If Flatcat is a sphere, then the inside of the sphere must be vast, and there is no way of knowing exactly how the charge is arranged below the surface. However, the survey teams all found that the electric field was approximately perpendicular to the surface everywhere, and that its strength didn't change very much from one location to another. The simplest explanation is that the charge is all concentrated in one small lump at the center of the sphere. They have no way of knowing if this is really the case, but it's a hypothesis that allows them to see how much their 37 nC result would change if they assumed a different geometry. Making this assumption, Newton performs the following simple computation on a napkin. The field at the surface is related to the charge at the center by

$|\mathbf{E}| = \frac{kq_{total}}{r^2} ,$

where $$r$$ is the radius of Flatcat. The flux is then

$\Phi = \sum \mathbf{E}_j\cdot\mathbf{A}_j ,$

and since the $$\mathbf{E}_j$$ and $$\mathbf{A}_j$$ vectors are parallel, the dot product equals $$|\mathbf{E}_j||\mathbf{A}_j|$$, so

$\Phi = \sum \frac{kq_{total}}{r^2}|\mathbf{A}_j| .$

But the field strength is always the same, so we can take it outside the sum, giving

\begin{align*} \Phi &= \frac{kq_{total}}{r^2} \sum |\mathbf{A}_j| \ &= \frac{kq_{total}}{r^2} A_{total} \ &= \frac{kq_{total}}{r^2} 4\pi r^2 \ &= 4\pi kq_{total} . \end{align*}

Not only have all the factors of $$r$$ canceled out, but the result is the same as for a disk!

Everyone is pleasantly surprised by this apparent mathematical coincidence, but is it anything more than that? For instance, what if the charge wasn't concentrated at the center, but instead was evenly distributed throughout Flatcat's interior volume? Newton, however, is familiar with a result called the shell theorem (page 102), which states that the field of a uniformly charged sphere is the same as if all the charge had been concentrated at its center.10 We now have three different assumptions about the shape of Flatcat and the arrangement of the charges inside it, and all three lead to exactly the same mathematical result, $$\Phi = 4\pi kq_{total}$$. This is starting to look like more than a coincidence. In fact, there is a general mathematical theorem, called Gauss' theorem, which states the following:

For any region of space, the flux through the surface equals $$4\pi kq_{in}$$, where $$q_{in}$$ is the total charge in that region.

Don't memorize the factor of $$4\pi$$ in front --- you can rederive it any time you need to, by considering a spherical surface centered on a point charge.

Note that although region and its surface had a definite physical existence in our story --- they are the planet Flatcat and the surface of planet Flatcat --- Gauss' law is true for any region and surface we choose, and in general, the Gaussian surface has no direct physical significance.

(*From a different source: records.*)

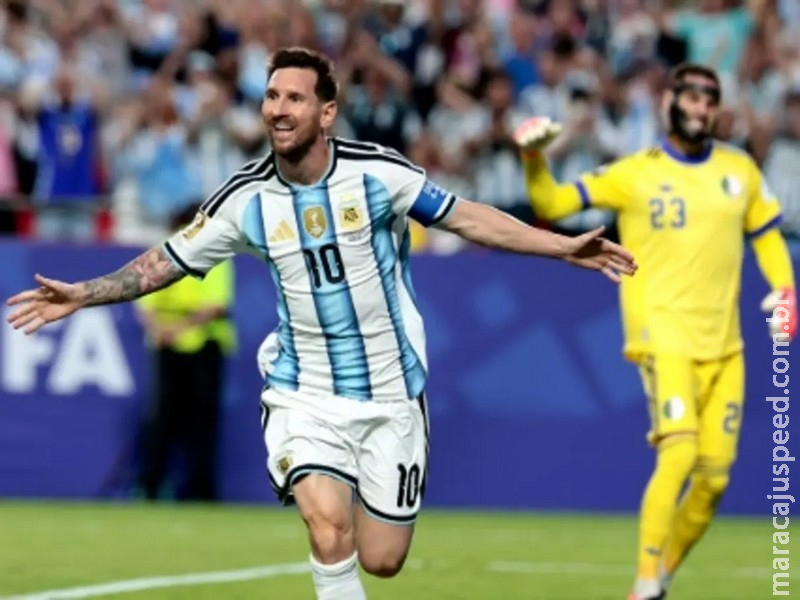 Com atuação histórica de Messi, Argentina vence Argélia na estreia da Copa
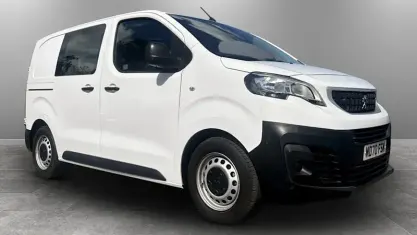Used Peugeot Expert 102 HP (75 kW) 2021 White Van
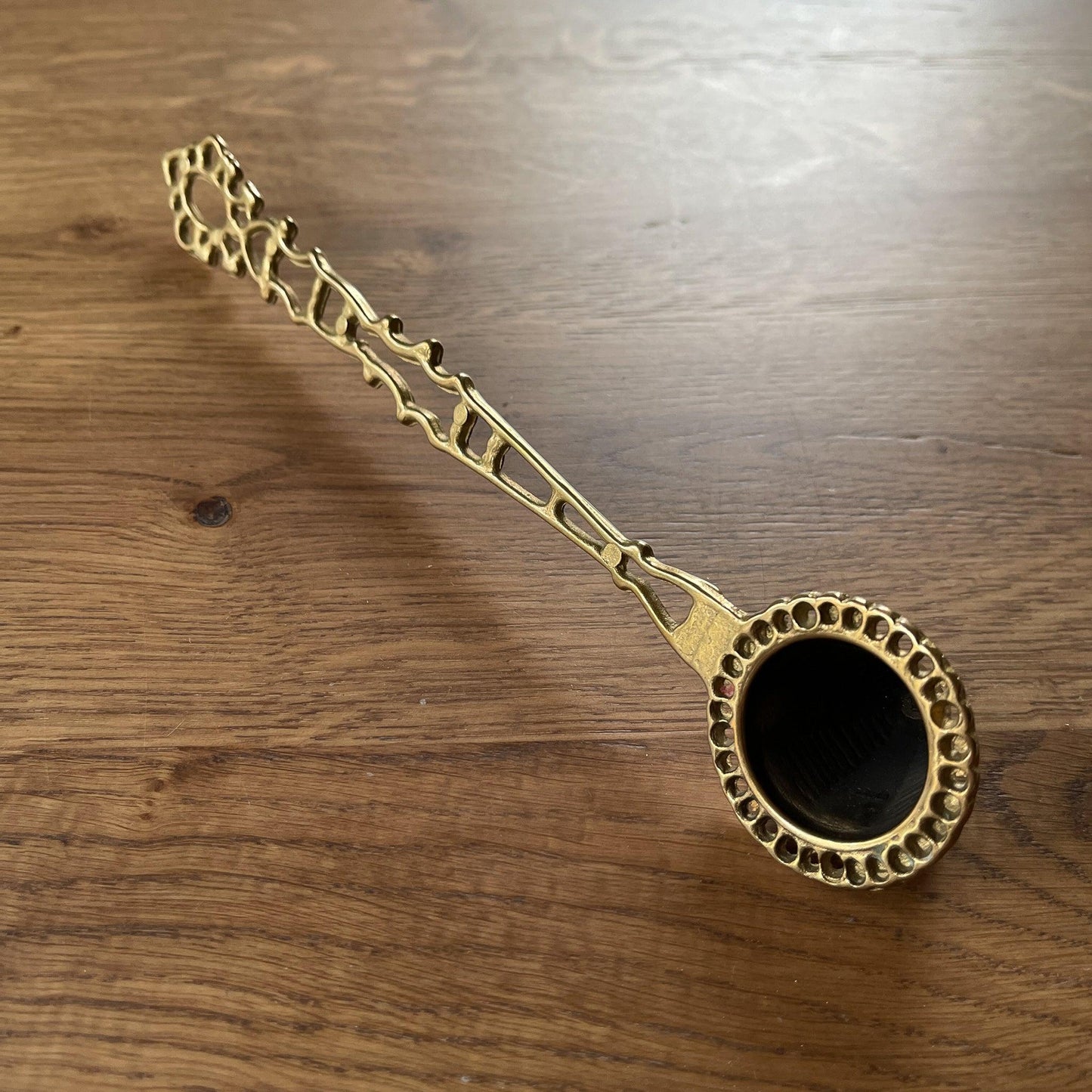 Prachtig bewerkte messing kaarsendover - Bamestra Curiosa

It's simply a computational tool.

Rather than proving Gauss' theorem and then presenting some examples and applications, it turns out to be easier to show some examples that demonstrate its salient properties. Having understood these properties, the proof becomes quite simple.

self-check:

Suppose we have a negative point charge, whose field points inward, and we pick a Gaussian surface which is a sphere centered on that charge. How does Gauss' theorem apply here?